▸ **WHAT YOU WILL DO**
Reproduce every record below exactly as written, leaving out any pictures.

▸ **DATA**
☆ ☆ ☆ ☆ ☆

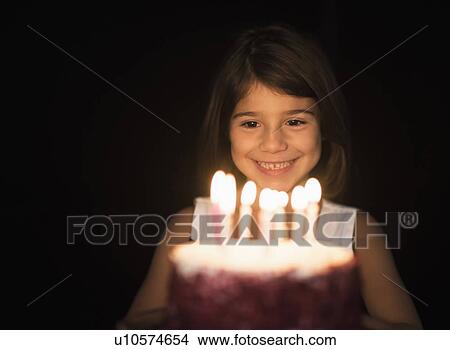 Picture - Portrait of girl (6-7) with birthday cake. Fotosearch
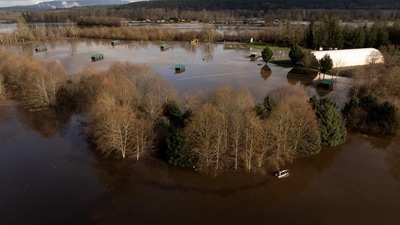 Several members of the Washington National Guard are being dispatched to support communities preparing for further river surges. (REUTERS)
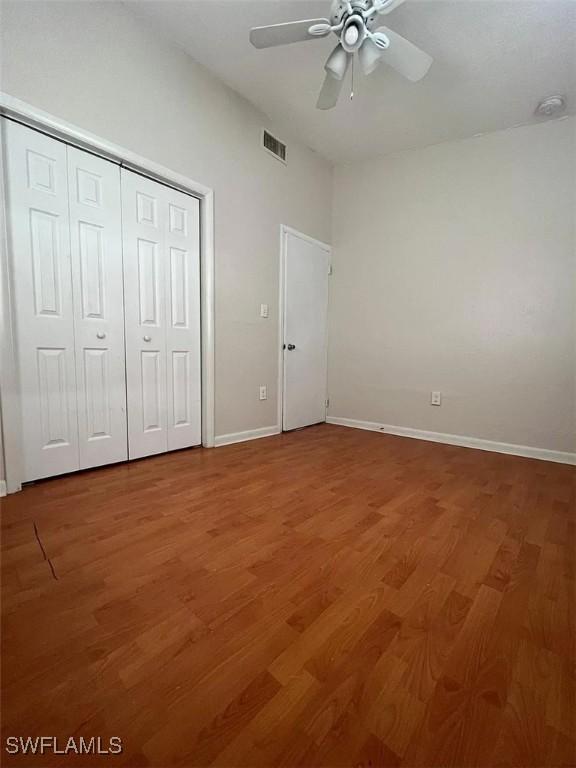 unfurnished bedroom featuring a ceiling fan, baseboards, visible vents, and light wood-type flooring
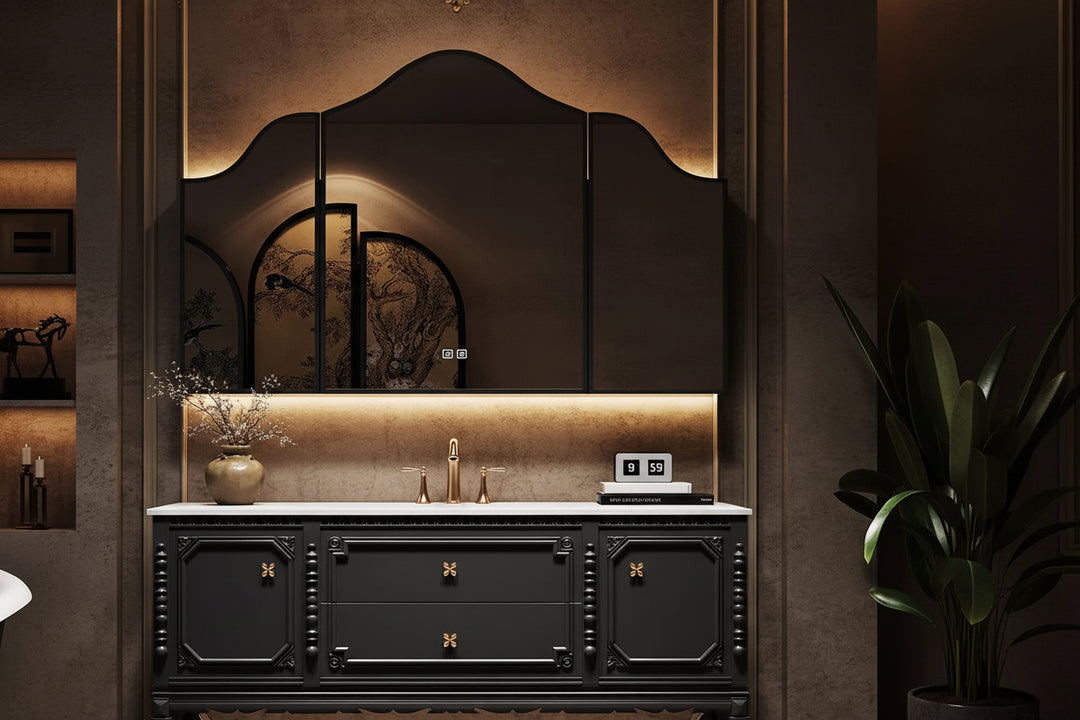 A luxury bathroom vanity set featuring a black wood cabinet with ornate gold hardware, a white marble countertop with an integrated sink, a large arched three-panel mirror, and warm ambient lighting in a dark, elegant bathroom setting.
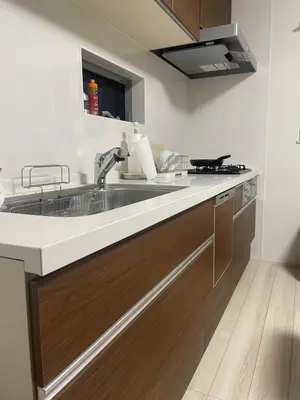a kitchen with a sink and a counter top at The Ritz\u672c\u753a in Tokyo
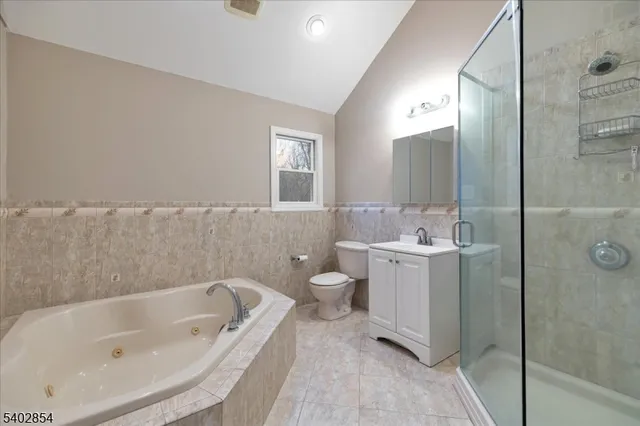 a bathroom with a bathtub sink mirror and toilet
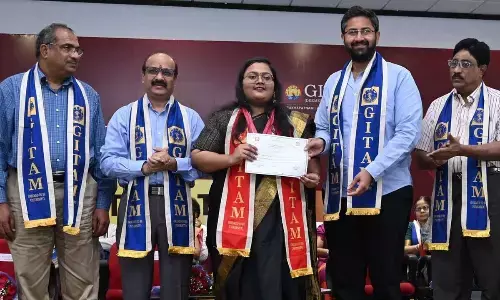 GITAM president M Sribharath giving away certificates to the students at the graduation ceremony held in Visakhapatnam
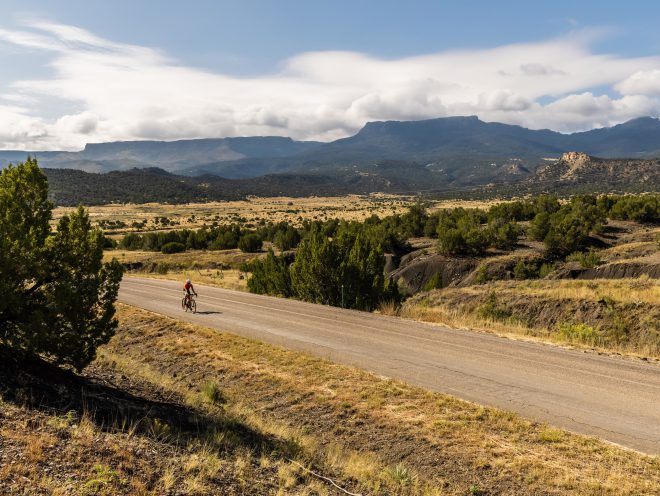 A rider on a gravel road and mountains in the background.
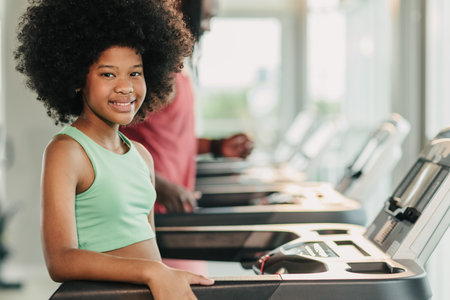 Portrait happy smiling African black healthy kid, Girl child at fitness sport club treadmill machineの写真素材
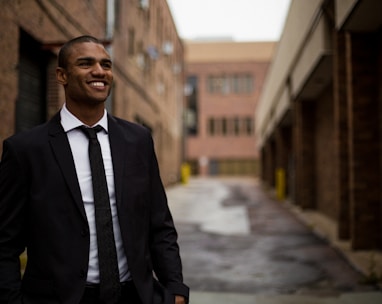 smiling man standing between brown concrete buildings at daytime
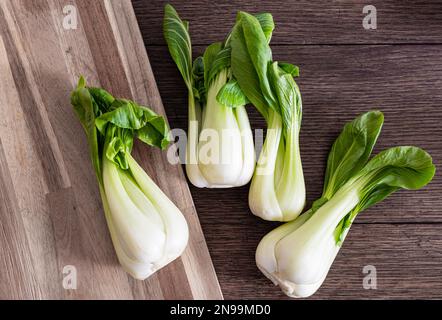 top view of fresh Bok Choy, chinese cabbage, on rustic wooden table Stock Photo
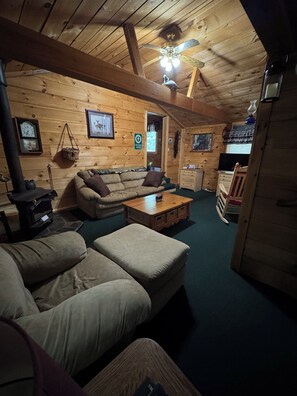 Interior acolhedor de uma cabana de madeira, com um sofá, um banquinho, mesa de centro de madeira e lareira.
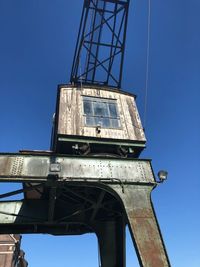 Low angle view of old tower against clear blue sky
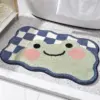 Badteppich mit Schachbrettmuster und Froschmotiv, ideal für Badezimmer.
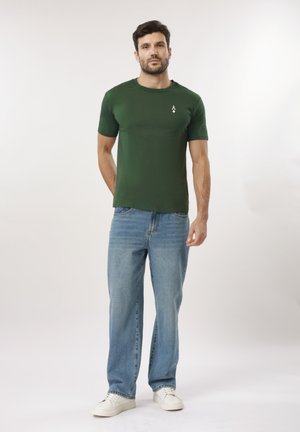 Man standing facing forward wearing a dark green t-shirt with a small white logo, light blue jeans, and white sneakers on a plain background.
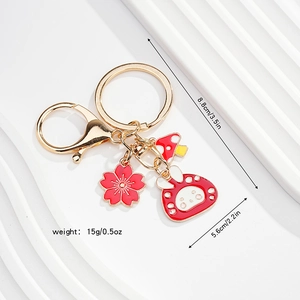 Detailed view of enamel bunny keychain with cherry blossom and mushroom pendants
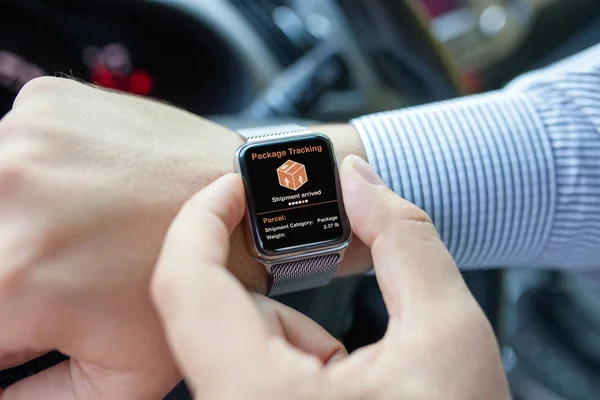 Män händer smart touch klocka med app spåra leveransen paket — Stockfoto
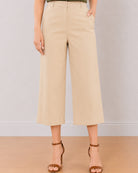 Bella beige medium waist pants front detail with belt loops and 2 side cross pockets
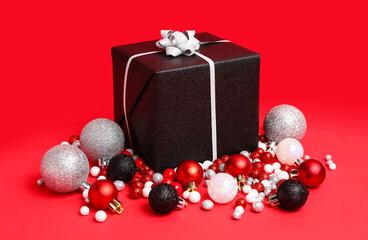 Stylish Christmas gift box and balls on red background
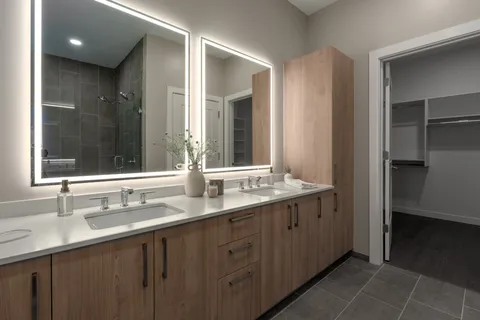 a bathroom with a bathtub and a shower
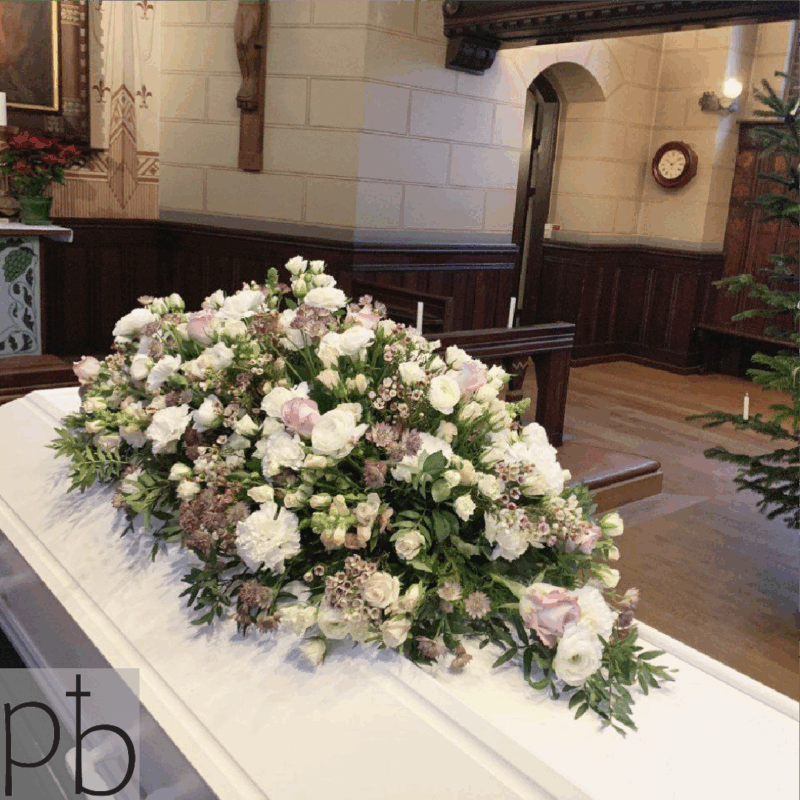 Erfaren begravelsesflorist binder klassisk bårebuket i hvide nuancer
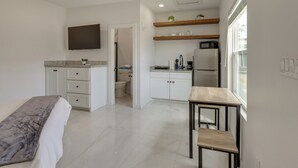 Quarto de hotel moderno com cama, escrivaninha, cozinha compacta e televisão na parede.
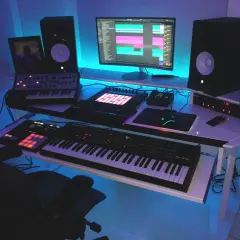 Nowoczesne studio muzyczne z syntezatorami, kontrolerami MIDI i komputerem, ukazujące zastosowanie komputerów w muzyce.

☆ ☆ ☆ ☆ ☆

▸ **FINISHED EXERCISE**
 Picture - Portrait of girl (6-7) with birthday cake. Fotosearch
 Several members of the Washington National Guard are being dispatched to support communities preparing for further river surges. (REUTERS)
 unfurnished bedroom featuring a ceiling fan, baseboards, visible vents, and light wood-type flooring
 A luxury bathroom vanity set featuring a black wood cabinet with ornate gold hardware, a white marble countertop with an integrated sink, a large arched three-panel mirror, and warm ambient lighting in a dark, elegant bathroom setting.
a kitchen with a sink and a counter top at The Ritz\u672c\u753a in Tokyo
 a bathroom with a bathtub sink mirror and toilet
 GITAM president M Sribharath giving away certificates to the students at the graduation ceremony held in Visakhapatnam
 A rider on a gravel road and mountains in the background.
 Portrait happy smiling African black healthy kid, Girl child at fitness sport club treadmill machineの写真素材
 smiling man standing between brown concrete buildings at daytime
 top view of fresh Bok Choy, chinese cabbage, on rustic wooden table Stock Photo
 Interior acolhedor de uma cabana de madeira, com um sofá, um banquinho, mesa de centro de madeira e lareira.
 Low angle view of old tower against clear blue sky
 Badteppich mit Schachbrettmuster und Froschmotiv, ideal für Badezimmer.
 Man standing facing forward wearing a dark green t-shirt with a small white logo, light blue jeans, and white sneakers on a plain background.
 Detailed view of enamel bunny keychain with cherry blossom and mushroom pendants
 Män händer smart touch klocka med app spåra leveransen paket — Stockfoto
 Bella beige medium waist pants front detail with belt loops and 2 side cross pockets
 Stylish Christmas gift box and balls on red background
 a bathroom with a bathtub and a shower
 Erfaren begravelsesflorist binder klassisk bårebuket i hvide nuancer
 Quarto de hotel moderno com cama, escrivaninha, cozinha compacta e televisão na parede.
 Nowoczesne studio muzyczne z syntezatorami, kontrolerami MIDI i komputerem, ukazujące zastosowanie komputerów w muzyce.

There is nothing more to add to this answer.